Snow Day is a 2022 musical comedy film directed by Michael Lembeck from a story by Samantha Martin and Chris Viscardi. Produced by Nickelodeon Movies, the film is a remake of the 2000 film of the same name. Reimagined as a musical, it stars Ky Baldwin, Jerry Trainor, Laura Bell Bundy, Rob Huebel, Michaela Russell, Shelby Simmons, and Fabi Aguirre. It was released on Nickelodeon and Paramount+ on December 16, 2022.

Plot
Siblings Hal and Natalie discover that anything is possible when a surprise winter whiteout offers them the chance to break routines and take big risks. Hal decides to pursue his crush, Claire, while Natalie challenges the town's cranky snowplow man.

Cast
 Fabi Aguirre as Lane
 Logan Aultman as Eli Welch
 Deena Aziz as Ms.
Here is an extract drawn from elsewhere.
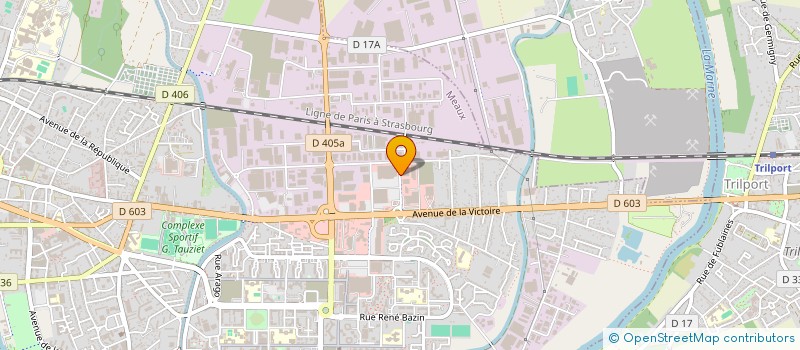 localisation de l'entreprise BFBC LOISIRS à MEAUX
Reynolds
 Ky Baldwin as Hal Brandston
 Lilly Noelle Bartlam as Missy
 Dave Campbell as Rebecca’s Dad
 Anastastia Dextrene as News Reporter Debra
 Myles Erlick as Chuck Wheeler
 Nir Guzinski as Mr. Brown
 Viggo Hanvelt as Randy Brandston
 Rob Huebel as Tom Brandston
 Morgan David Jones as Director
 Dominic Mariache as Wayne Castle
 Lisa McCormack as Miss Johnson
 Evelyne Morissette as Passerby
 Oliver Ocampo as Dirk
 Destiny Rettinger as Mason
 Michaela Russell as Natalie Brandston
 Shelby Simmons as Claire
 Melissa Toussaint as Nurse Johnson
 Jerry Trainor as Snowplow Man

Production
On March 1, 2022 it was announced that Paramount+ had began production on a musical remake of the 2000 Nickelodeon film Snow Day. The cast was unveiled alongside the announcement. Like the original film, it was shot primarily in Canadian territories despite being set in Syracuse, New York.

Soundtrack
The film’s soundtrack was composed by Gabriel Mann. The soundtrack album was released alongside the film by Republic Records.

Release

Marketing
A trailer was released on November 17, 2022 alongside the film’s poster.

Release
Snow Day was made available to stream on Paramount+ on December 16, 2022. It also premiered on Nickelodeon the same day, and was made available on international Paramount+ services the following day.

Reception
Like the original, the film received mixed reviews from critics. John Serba of Decider gave the film a negative review, saying that "None of this slapdash also-ran cheapo crud is for anyone older than 10 or younger than nine and seven-eighths" and that "If a blizzard cancels school, have the kids watch something else." Joly Herman of Common Sense Media gave the film a 3/5, saying that "Viewers might wonder whether the theme of having a snow day is deserving of a full-length musical movie, but as soon as that thought enters the head, a fun dance number distracts, and some clever songs can elicit a smile."